Smart Table creation for 2D range query

Hi all,

I am new to Apache Cassandra and I would like to get some advice on how to tackle a table creation / indexing in a sophisticated way.

My aim is to store x- and y-coordinates, accompanied by some columns with meta information (m1, ... ,m5). There will be around 100,000,000 rows overall. Some rows might have the same (x,y) pairs but always distinct meta information. 

In the end I want to do a rather simple range query in the form of e.g. (0 >= x <= 1) AND (0 >= y <= 1).

What would be the best choice of variables to set as primary key, partition key. Or should I use a index? And if so on what column(s)?

Thanks in advance!
Best regards, 
Lydia
---------------------------------------------------------------------
To unsubscribe, e-mail: user-unsubscribe@cassandra.apache.org
For additional commands, e-mail: user-help@cassandra.apache.org

Re: Smart Table creation for 2D range query

Posted by Jon Haddad <jo...@gmail.com>.

Sure, I don't see why not.  Ultimately this is more or less the same thing
I proposed.   You end up with a slightly different way of encoding a point
in space into a rough geographical area.  Whether you encode them as a tree
structure or some prefix of a geohash is a matter of convenience.  I'm not
sure if there's any performance advantage to using geohashes, from a
Cassandra data model & query perspective, as I haven't spent much time with
them.  Maybe someone who's done this can chime in.

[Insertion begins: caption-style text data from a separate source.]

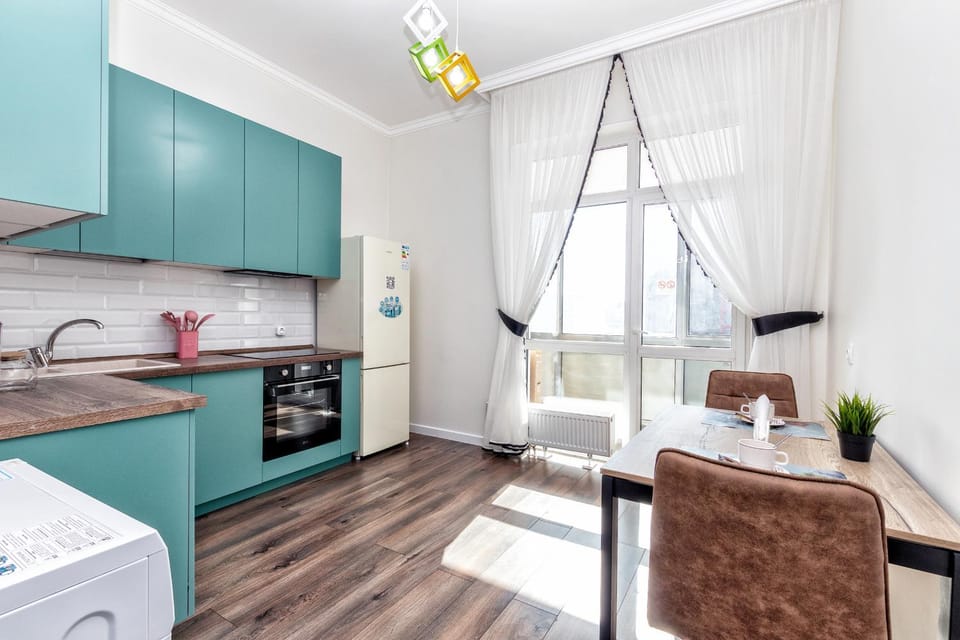 Kitchen or kitchenette, Dining area, minibar, kitchen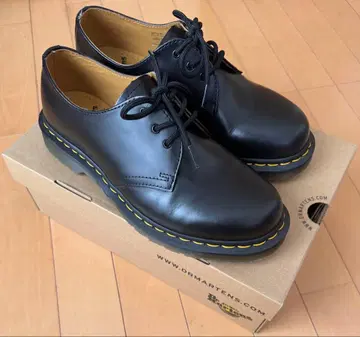 닥터마틴 3홀 UK7 26.0cm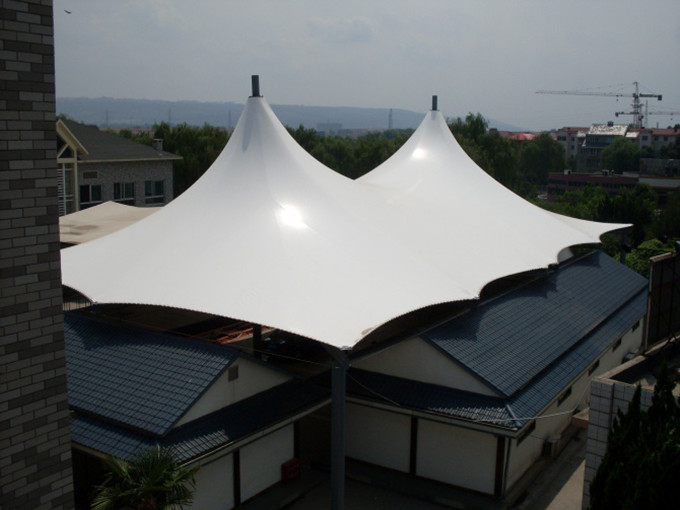 如何節省<font color='red'>膜結構車(chē)棚</font>的維修清理費用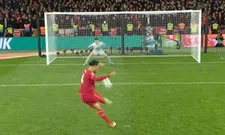 Thumbnail for article: Die blik: Van Dijk schiet penalty perfect binnen, in hoek van Kepa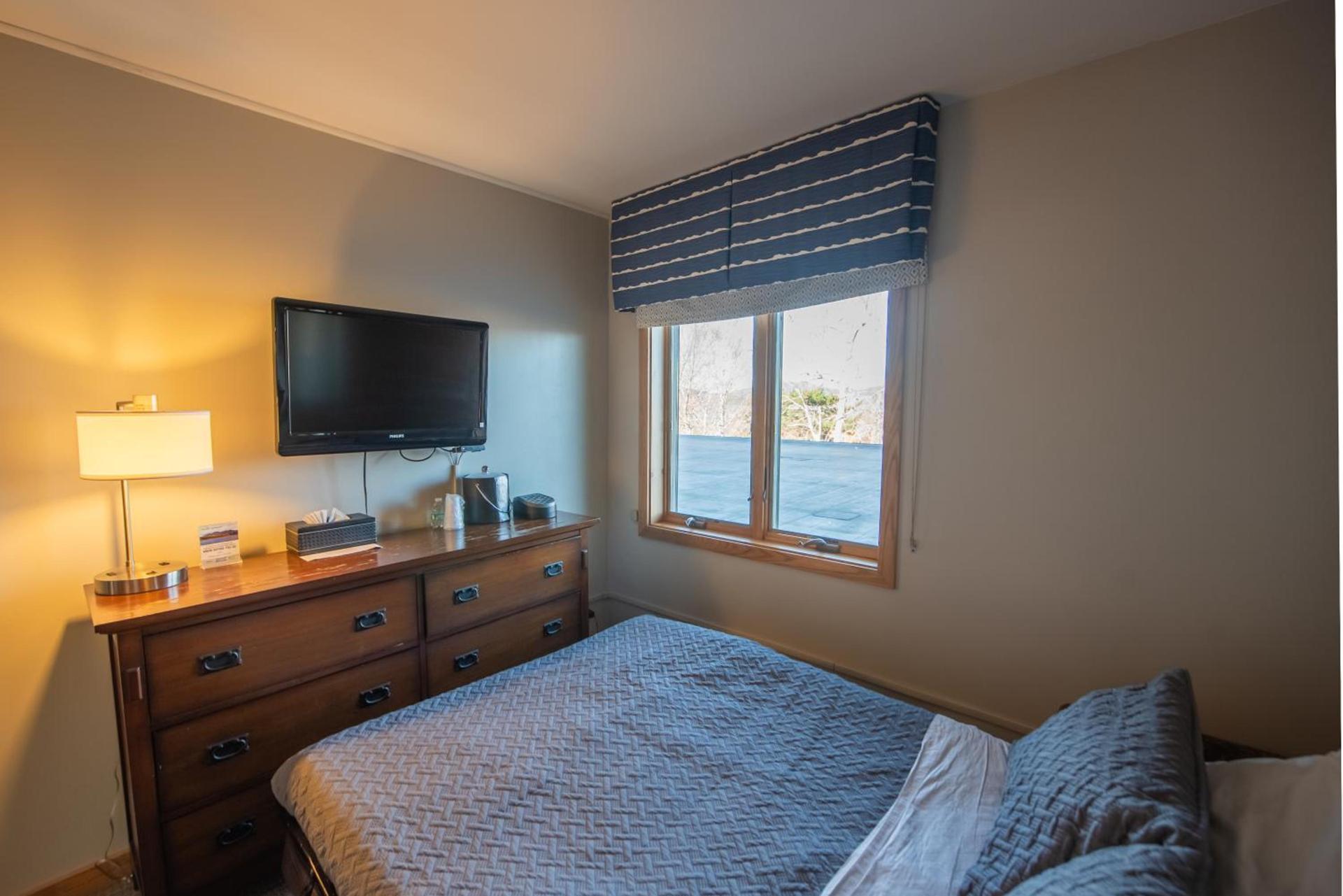 Sugarloaf Inn photo 99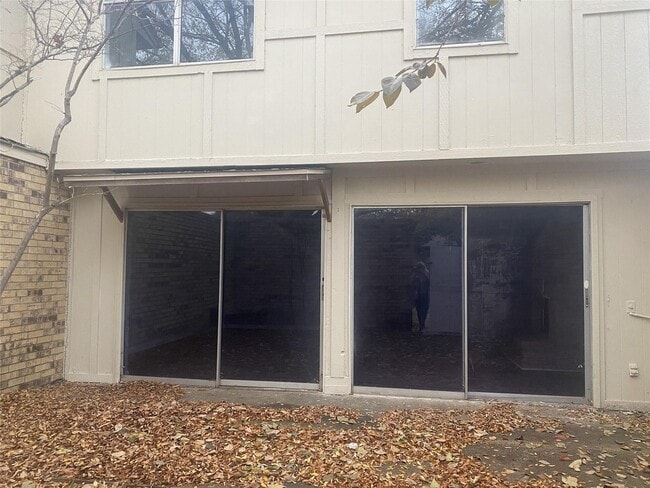 Building Photo - Townhome in Richardson ISD!!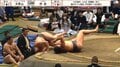 197センチの巨体が… 異色の日本人力士、モンゴル期待の新人の快挙に"待った" 実力発揮に館内騒然 天昇山は愕然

On Tue, May 9, 2017 at 1:16 PM Jim Ancona <ji...@anconafamily.com> wrote:

> Couldn't you use a bucketing strategy for the hash value, much like with
> time series data? That is, choose a partition key granularity that puts a
> reasonable number of rows in a partition, with the actual hash being the
> clustering key. Then ranges that within the partition key granularity could
> be efficiently queried.
>
> Jim
>
> On Tue, May 9, 2017 at 11:19 AM, Jon Haddad <jo...@gmail.com>
> wrote:
>
>> The problem with using geohashes is that you can’t efficiently do ranges
>> with random token distribution.  So even if your scalar values are close to
>> each other numerically they’ll likely end up on different nodes, and you
>> end up doing a scatter gather.
>>
>> If the goal is to provide a scalable solution, building a table that
>> functions as an R-Tree or Quad Tree is the only way I know that can solve
>> the problem without scanning the entire cluster.
>>
>> Jon
>>
>> On May 9, 2017, at 10:11 AM, Jim Ancona <ji...@anconafamily.com> wrote:
>>
>> There are clever ways to encode coordinates into a single scalar value
>> where points that are close on a surface are also close in value, making
>> queries efficient. Examples are Geohash
>> <https://en.wikipedia.org/wiki/Geohash> and Google's S2
>> <https://docs.google.com/presentation/d/1Hl4KapfAENAOf4gv-pSngKwvS_jwNVHRPZTTDzXXn6Q/view#slide=id.i0>.
>> As Jon mentions, this puts more work on the client, but might give you a
>> lot of querying flexibility when using Cassandra.
>>
>> Jim
>>
>> On Mon, May 8, 2017 at 11:13 PM, Jon Haddad <jo...@gmail.com>
>> wrote:
>>
>>> It gets a little tricky when you try to add in the coordinates to the
>>> clustering key if you want to do operations that are more complex.  For
>>> instance, finding all the elements within a radius of point (x,y) isn’t
>>> particularly fun with Cassandra.  I recommend moving that logic into the
>>> application.
>>>
>>> > On May 8, 2017, at 10:06 PM, kurt greaves <ku...@instaclustr.com>
>>> wrote:
>>> >
>>> > Note that will not give you the desired range queries of 0 >= x <= 1
>>> and 0 >= y <= 1.
>>> >
>>> >
>>> > Something akin to Jon's solution could give you those range queries
>>> if you made the x and y components part of the clustering key.
>>> >
>>> > For example, a space of (1,1) could contain all x,y coordinates where
>>> x and y are > 0 and <= 1. You would then have a table like:
>>> >
>>> > CREATE TABLE geospatial (
>>> > space text,
>>> > x double,
>>> > y double,
>>> > item text,
>>> > m1,
>>> > m2,
>>> > m3,
>>> > primary key ((space), x, y, m1, m2, m3, m4, m5)
>>> > );
>>> >
>>> > A query of select * where space = '1,1' and x <1 and x >0.5 and y< 0.2
>>> and y>0.1; should yield all x and y pairs and their distinct metadata. Or
>>> something like that anyway.
>>> >
>>>
>>>
>>> ---------------------------------------------------------------------
>>> To unsubscribe, e-mail: user-unsubscribe@cassandra.apache.org
>>> For additional commands, e-mail: user-help@cassandra.apache.org
>>>
>>>
>>
>>
>

Re: Smart Table creation for 2D range query

Posted by Jim Ancona <ji...@anconafamily.com>.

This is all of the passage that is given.